The New York Asian Film Festival has been one of the most fun cultural events of New York City for sixteen years now. It's an annual gathering of the most popular movies of the past year from all over Asia, including entries from China, Taiwan, Hong Kong, Japan, Thailand, South Korea, Indonesia, the Philippines, Malaysia, India and Singapore. It's necessarily not a high-minded festival like Cannes or Berlin but one focused on pop culture. The emphasis is on fun and cultural impact, so the movies are often crowd-pleasing genre movies like thrillers, Science Fiction, Horror, romantic comedies, melodramas, tragedies, whacked-out comedies, character-driven dramas, the occasional documentary and also political bombshells like last year's world premiere of Ten Years, a street-level runaway hit Hong Kong's anxieties about what they might lose under Mainland Chinese rule.
The festival started sixteen years ago at modest venues like the Anthology Film Archive in the East Village. It has habitually flown in actors and directors as guests, presenting lifetime achievement awards to filmmakers and actors who have become international superstars for decades of work, and newcomers who are about to become big all over Asia. They may not mean much to the insulated American audiences, but these people are big deals in Asia. There's a 20th Anniversary Hong Kong panorama featuring recent classics like Johnnie To's gangster classic Election and Tsui Hark's latest blockbuster movies The Taking of Tiger Mountain and his collaborating with comedy king Stephen Chow to make the deconstructionist Journey to the West 2: The Demons Strike Back, a focus of LGBTQ movies and titles from Nikkatsu's Roman Porno Reboot Project. There's the hit Thai high school heist thriller Bad Genius, the searing Hong Kong drama about mental illness Mad World and the Korean action thriller The Villainess, which comes from Cannes with a lot of buzz over its insane action scenes. That's just a few of the embarrassment of riches at the festival this year. Every movie that was a big deal in Asia over the past year is featured in this festival.
The festival has become a more prestigious affair, landing at Lincoln Center's Film Society Walter Reade Theater uptown and with major parties. This Friday's opening night has a major do with chef Eddie Huang serving as goodwill ambassador, a performance by Thai dancers courtesy of the Tourist Board of Thailand (in celebration of the opening night movie Bad Genius being from Thailand), music by RUCO and the Family Cats, and a reception fashioned like a Bangkok night market with Asian food and drink. If you have a ticket to the opening night movie, you're invited to the party.
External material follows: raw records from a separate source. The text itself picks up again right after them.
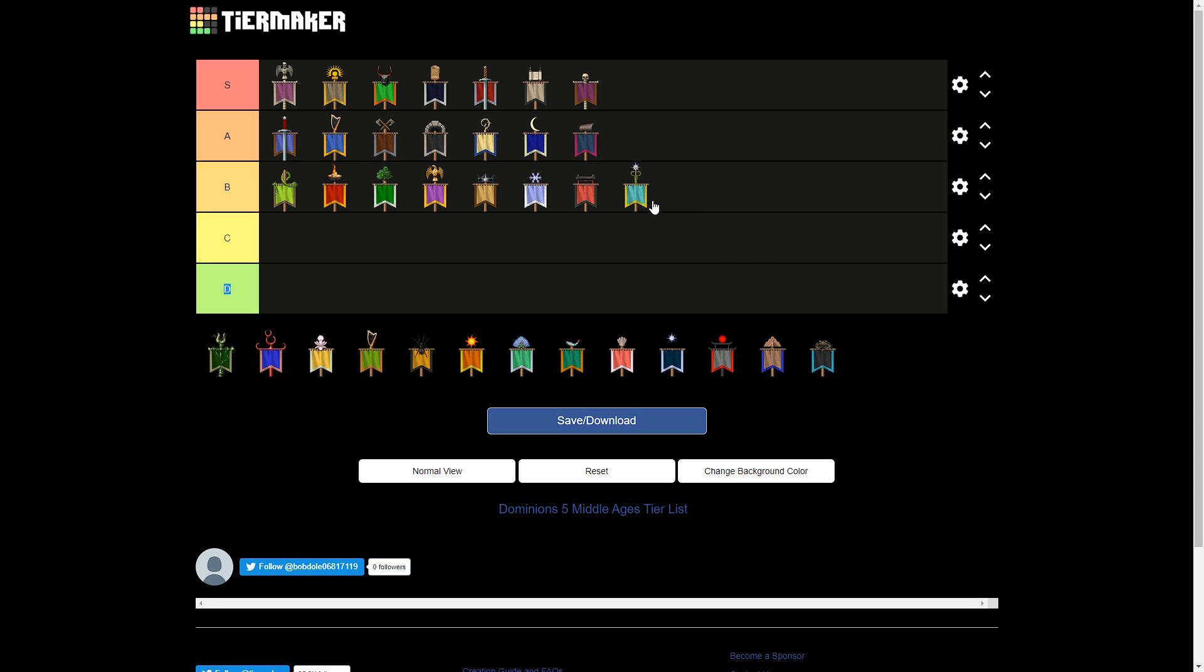Speaking of good nations, Arcoscephale is next. Arcoscephale here has much worse sacreds in the Middle-Age. Not having flying pegasus riders really sucks. They still have great astral magic, though. And they still have high-ish nature. Not as high, but still good nature.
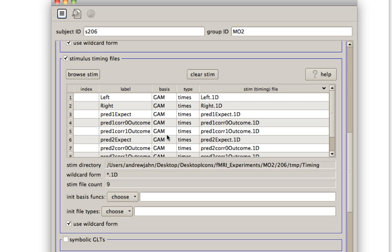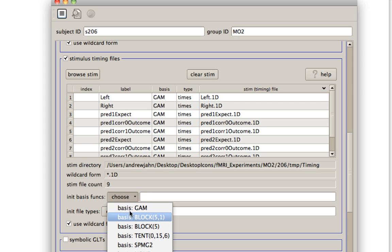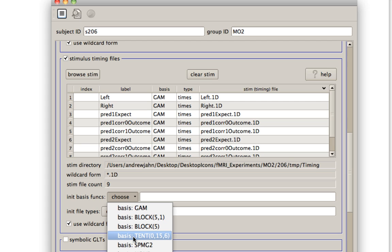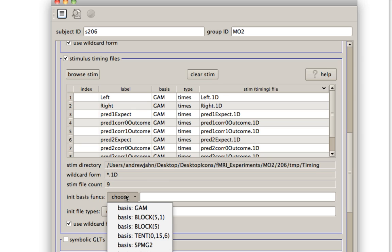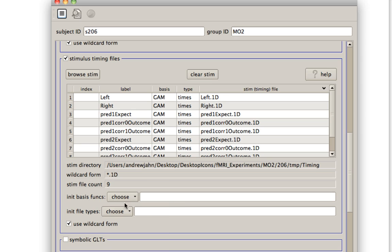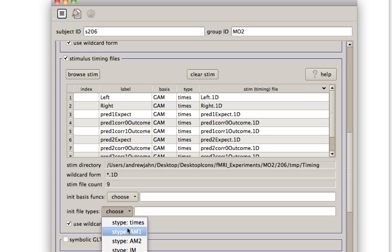Basis functions and the stimulus type is fine. But if you want to use something like a block, in other words, a boxcar function, or a tent function, or SPM's time derivative function, you can use those as well. Likewise, if you have more than one parametric modulator, you can use AFNI's AM2 file type.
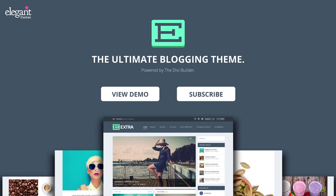That is all for this tutorial. This has been an overview of the Extra blog post formats. If you have any questions about what we've gone over in this video, feel free to leave us a comment and we'll make sure you get a response. If you're interested in learning more about Extra or seeing what else it's capable of, you can click the view demo button. If you're interested in seeing more Extra tutorials, click the subscribe button and never miss a great tip. Thanks for watching.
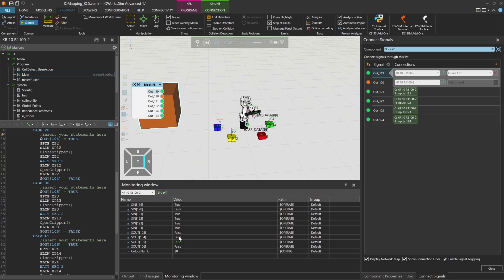In this video, you learned how to simulate I.O. mapping and internal signal control using the Robot Controller Simulation Module in Visual Components Sim.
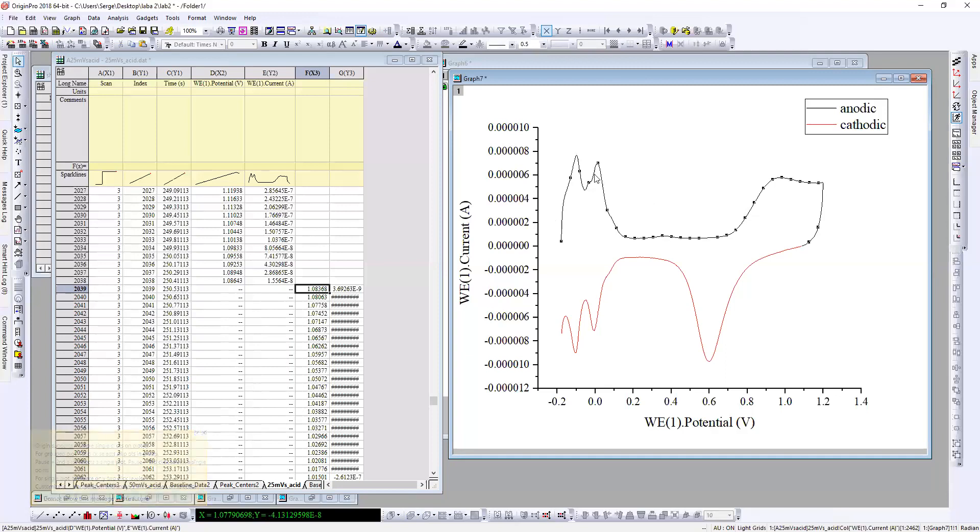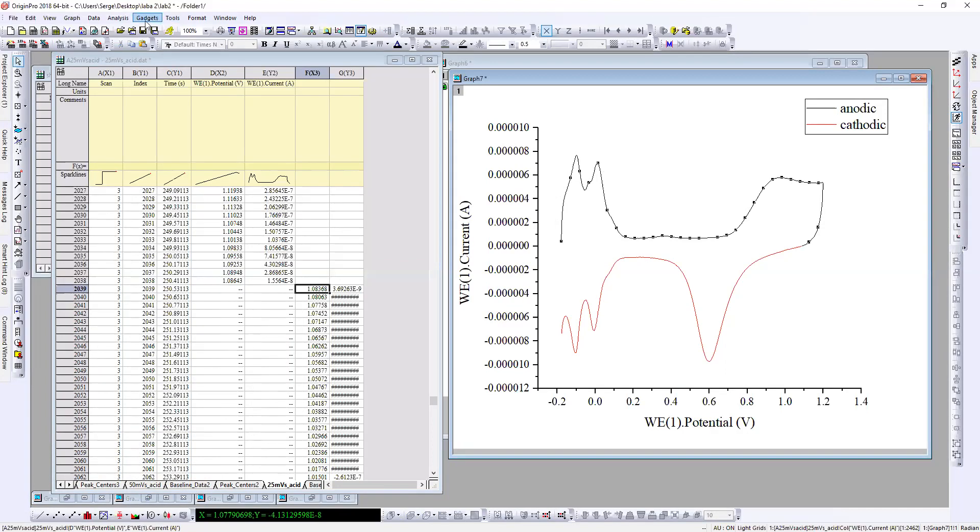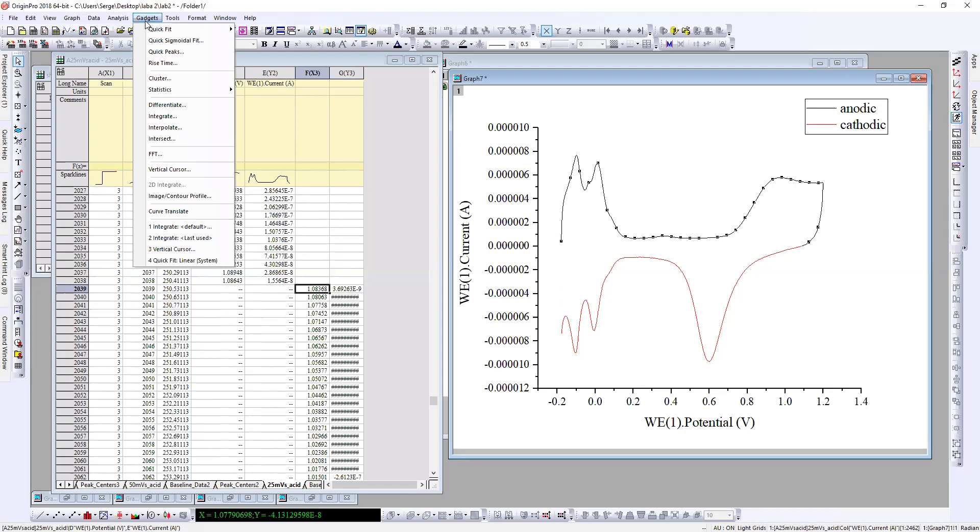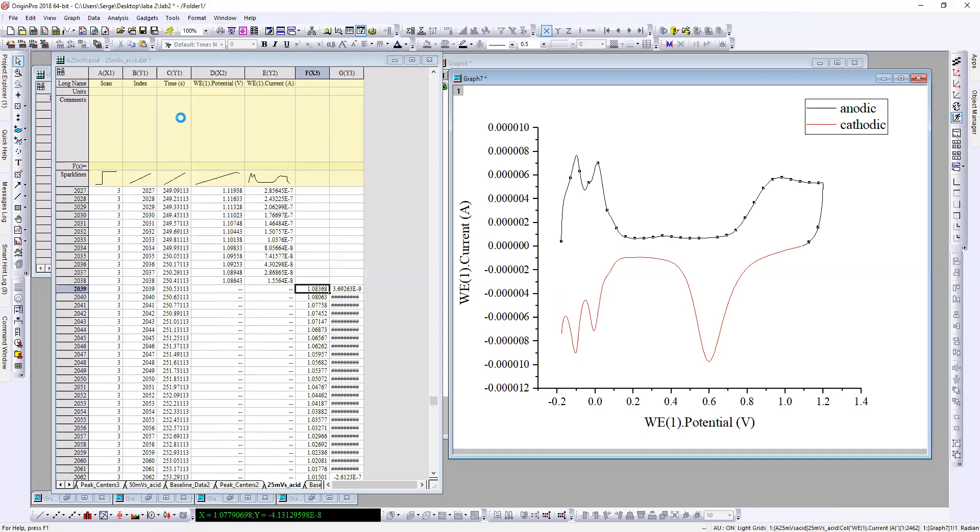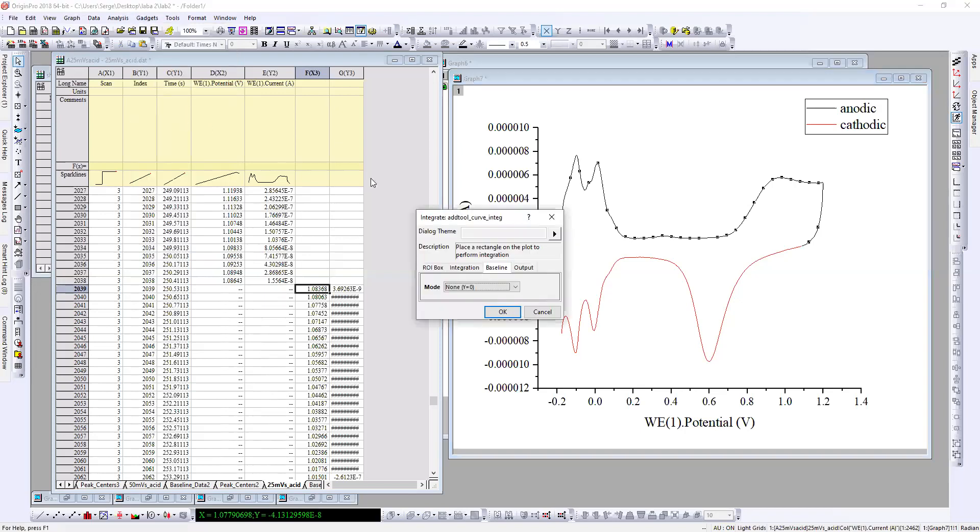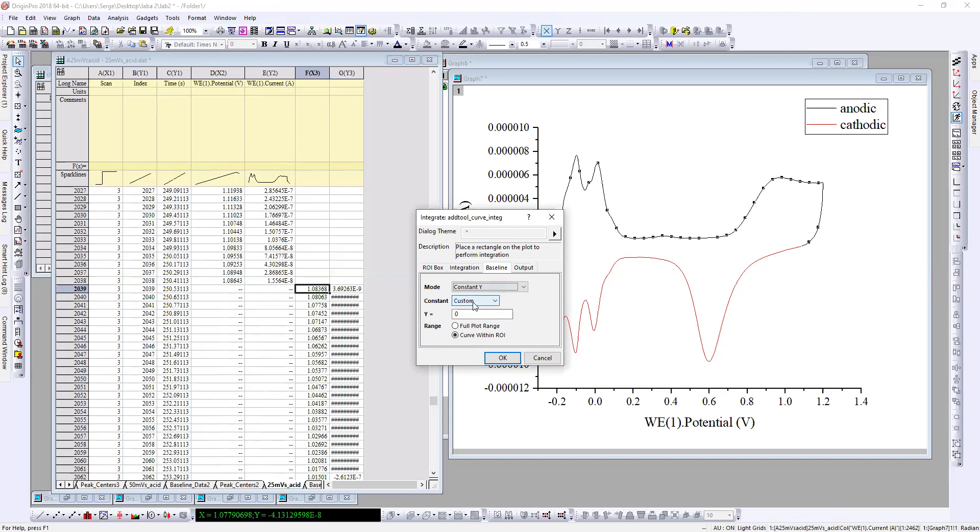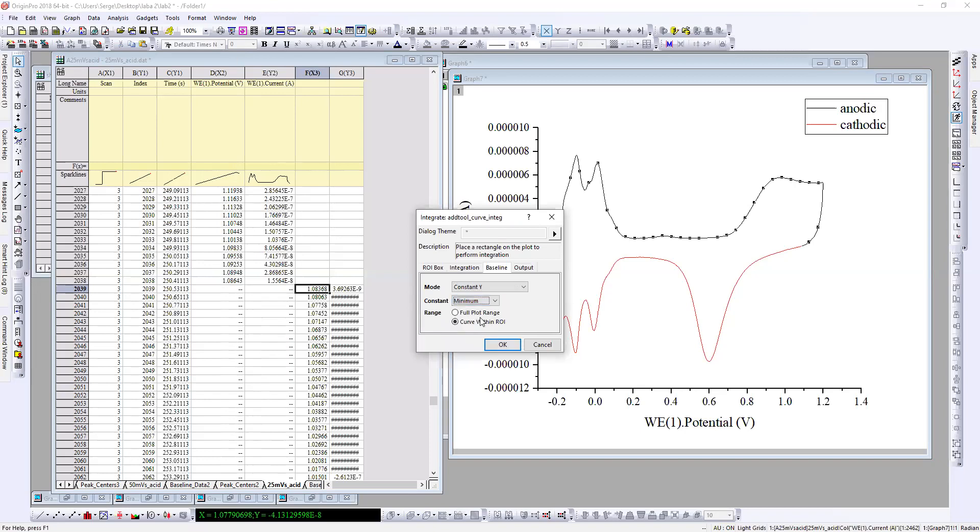For example, I would like to integrate this area, so I click on the black curve, then move to gadget integrate. I will choose the baseline constant, link, then minimum.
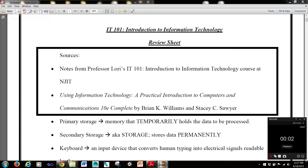Hi guys, it's Rob here, and in this next series of tutorials, we're going to be going over the material for IT101 at NJIT, Introduction to Information Technology.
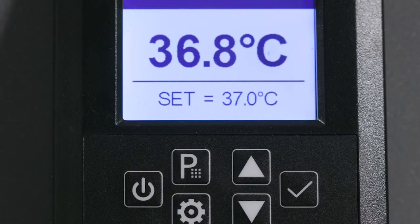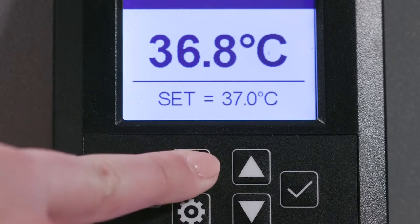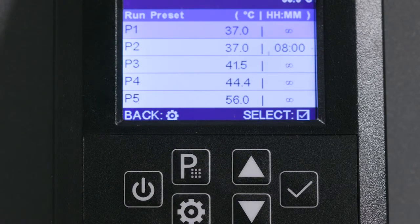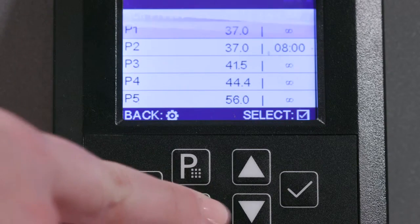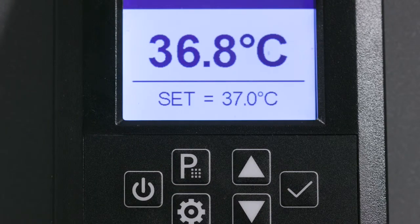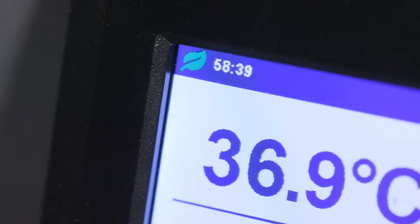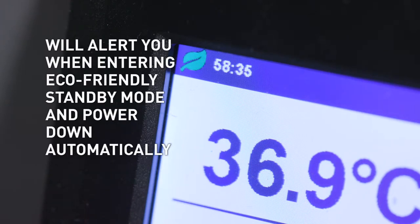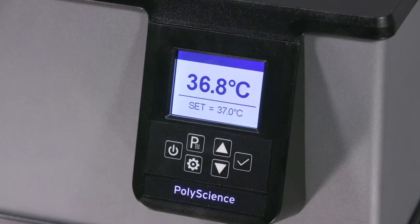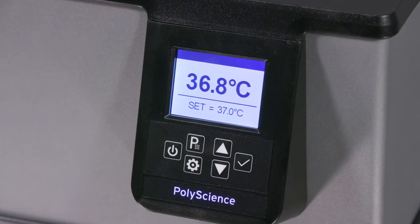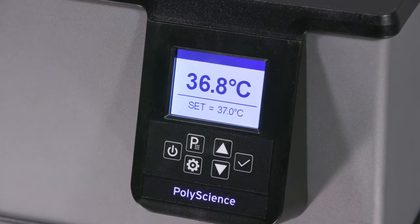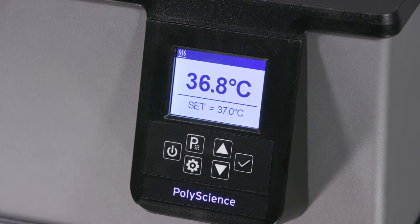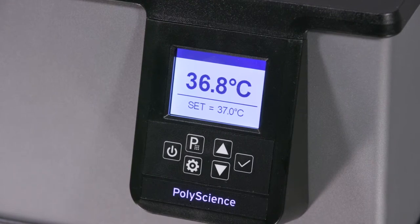Now you are able to select a preset temperature, let it run for the exact time and temperature you want, and when it's done your PolyScience water bath will alert you that it's about to enter an eco-friendly standby mode and power down automatically. This function not only increases energy efficiency but safety for you and your lab.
Fabricated City – Courtesy of Cj Entertainment
And we plan to run reviews of as many movies in the festival as we can squeeze in during its entire run. There are about sixty of them, so we can't cover them all, as much as we'd love to. If you're in New York City, this festival is the most fun you can have between June 30th and July 16th. If not, follow our coverage, and some of these movies will end up with a US showing later, including on Netflix.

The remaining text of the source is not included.